As a neuroscientist, one of the most fascinating topics I have encountered is the complex relationship between pregnancy and eating disorders (EDs). As someone with a 15-year-long history of anorexia, I am intimately familiar with the worries that many women with a current or past history of EDs have as they consider or become pregnant (see, for example, this opinion piece). Will they be able to carry the pregnancy through? Will the fetus develop normally? Will their child also develop an eating disorder?

But perhaps the most interesting and overlooked question is: how will the mother feel about her body during the pregnancy? It’s natural to assume that the physical changes induced by a pregnancy will be difficult to tackle for someone with a present or past ED. Yet, in my interviews, another pattern emerged: these women independently reported a ‘spontaneous’ improvement in their ED behaviors during pregnancy. Interestingly, scientific research supports this relationship, with both prospective and retrospective studies reporting that pregnancy is associated with an improvement in the symptoms of EDs (1, 2, 3, 4, 5. But see 6).

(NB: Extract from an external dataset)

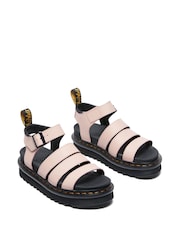 Dr. Martens Pink Blaire Sandals - Image 3 of 6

It’s important to note that women with EDs have an increased likelihood of developing postpartum depression and, unfortunately, their ED symptoms often start to re-emerge during the first six to 12 months after delivery (1, 7). This means that for women with active EDs, the pregnancy and early postpartum period are associated with a brief but significant reduction in their symptoms.

Why is that?

It’s easy to assume that sheer willpower and love for their unborn child is what carries these positive changes, but that’s not how EDs work. If you could recover by choice, most EDs would be very short-lived, yet they remain some of the most persistent and debilitating mental illnesses (8). Could a transcendent love for your child unlock new behaviors within you? Perhaps, but why then do the majority of these women relapse to their serious ED behaviors during the first year postpartum? (1, 7). It’s possible that this relapse occurs as a consequence of their newborn no longer depending on their physical support (breastfeeding and pregnancy). In other words, the women may no longer feel like the ED would “hurt” their child. While that makes sense, it forces us to return to the assumption that having an eating disorder is to some extent a choice. Is that the full story?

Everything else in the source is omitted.